HealthDay News — Frailty is common in rheumatoid arthritis (RA) and is associated with hospitalization and mortality, according to a study published online March 16 in RMD Open.
Peter Hanlon, M.B.Ch.B., from the University of Glasgow Institute of Health and Wellbeing in the United Kingdom, and colleagues examined the prevalence of frailty in RA and its association with disease activity, all-cause mortality, and hospitalization among patients identified from the Scottish Early Rheumatoid Arthritis (SERA) inception cohort and the U.K. Biobank. Frailty was quantified using the frailty index in both datasets and with the frailty phenotype in the U.K. Biobank.
The researchers found that frailty was common in SERA (12% moderate; 0.2% severe) and in the U.K. Biobank (20% moderate; 3% severe) based on the frailty index. Using the frailty phenotype, 23% in the U.K. Biobank were frail. In SERA, the frailty index was associated with the Disease Activity Score in 28 joints (DAS28); in both cohorts, the frailty index was associated with age and female sex.
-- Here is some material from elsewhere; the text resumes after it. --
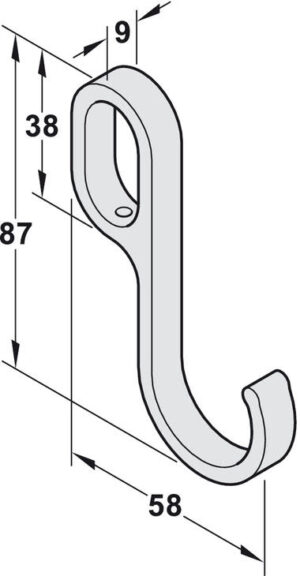 Hooks For OVA Wardrobe Rails 30 x 15 Chrome Plated - Image 2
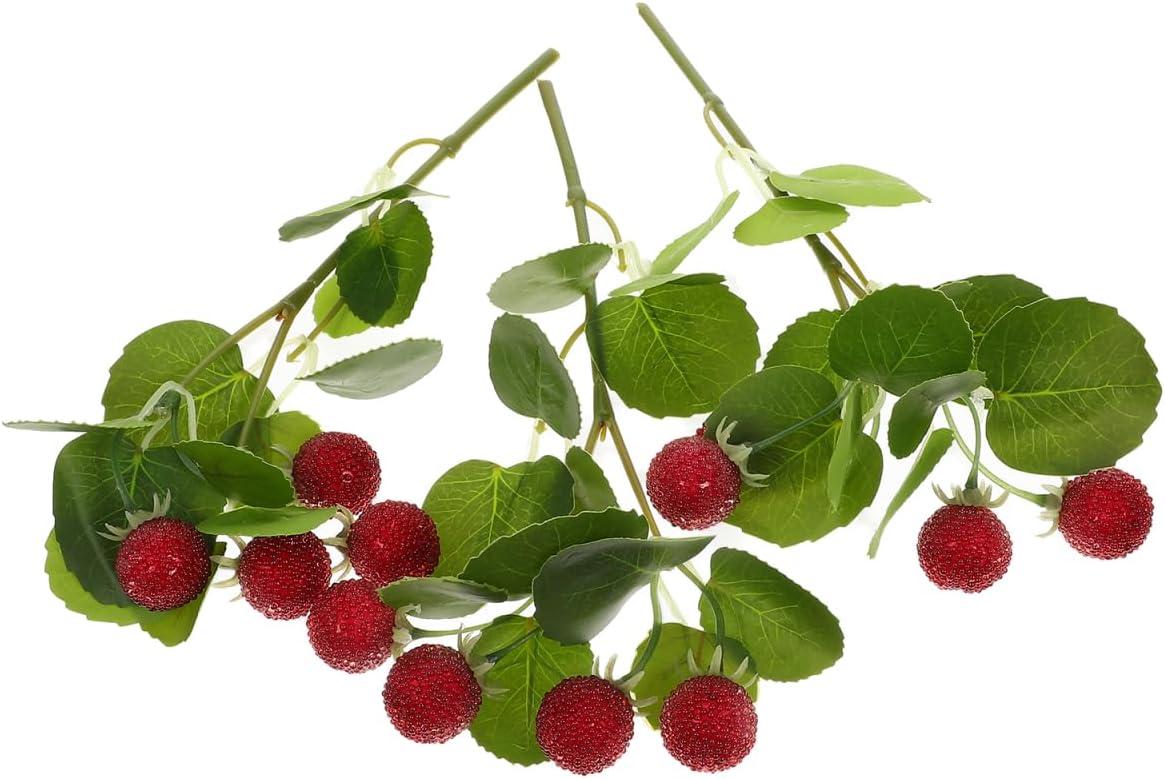 ARTIBETTER Artificial Berry Branches Flower Vases Decor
In SERA, mean frailty decreased as DAS28 lessened over time with treatment. There was an association noted for the frailty index with all-cause mortality (hazard ratios for moderate/severe frailty versus robust, 4.14 and 1.68 in SERA and the U.K. Biobank, respectively) and with unscheduled hospitalization (incidence rate ratios, 2.27 and 2.74 in SERA and the U.K. Biobank, respectively). Frailty phenotype was associated with mortality and hospitalization in the U.K. Biobank.
“Our findings certainly indicate that some people with frailty and active rheumatoid arthritis have the potential to improve their frailty status with treatment of their RA,” Hanlon said in a statement.